SALT LAKE CITY — Nancy Workman, Salt Lake County’s first mayor, has died, family members say.
Workman, 79, passed away peacefully May 3 in her St. George home, according to her obituary. A cause of death was not released.
After serving as Salt Lake County’s recorder for six years, Workman was elected as the county’s first and only Republican mayor in 2001. She served until September 2004.
She faced controversy at the end of her term as mayor when Salt Lake County District Attorney David Yocom charged her with felony misuse of public money based on the hiring of two employees who were paid by the county but worked at the Boys and Girls Clubs of South Valley under the supervision of Workman’s daughter.
Workman’s supporters contended that the accusation was politically motivated. Yocom maintained politics played no part in his decision to file criminal charges against the former mayor.
She was acquitted in February 2005 after more than seven months of investigation. She had been forced to be placed on administrative leave from being mayor during the ordeal, she withdrew from her reelection bid to fight the charges and survived a six-day trial in which a jury declared her not guilty.
Workman said then she broke her own rule and shed tears as she was acquitted.
“I have a rule left over from my childhood: You don’t let them see you sweat, and you never let them see you cry,” she told the Deseret News after the trial.
Several months later, she said: “We can all go through it saying ‘that’s not fair,’ but you just shake it off and keep going. I feel good now. I was just obsessed with the trial for so long. I feel vindicated.”
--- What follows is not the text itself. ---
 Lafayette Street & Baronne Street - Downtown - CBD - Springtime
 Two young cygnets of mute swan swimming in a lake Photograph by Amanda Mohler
After the debacle, Workman, then in her 60s, got her contractor license and continued consulting work with a handful of companies, advising them on government issues.
She and her husband built what family members described as a multimillion-dollar construction company, Workman Construction Co. Workman also led the Sandy Chamber of Commerce from 2006 to 2010.
Family and friends plan to gather to scatter her ashes by her late husband’s at Cherry Creek on May 16.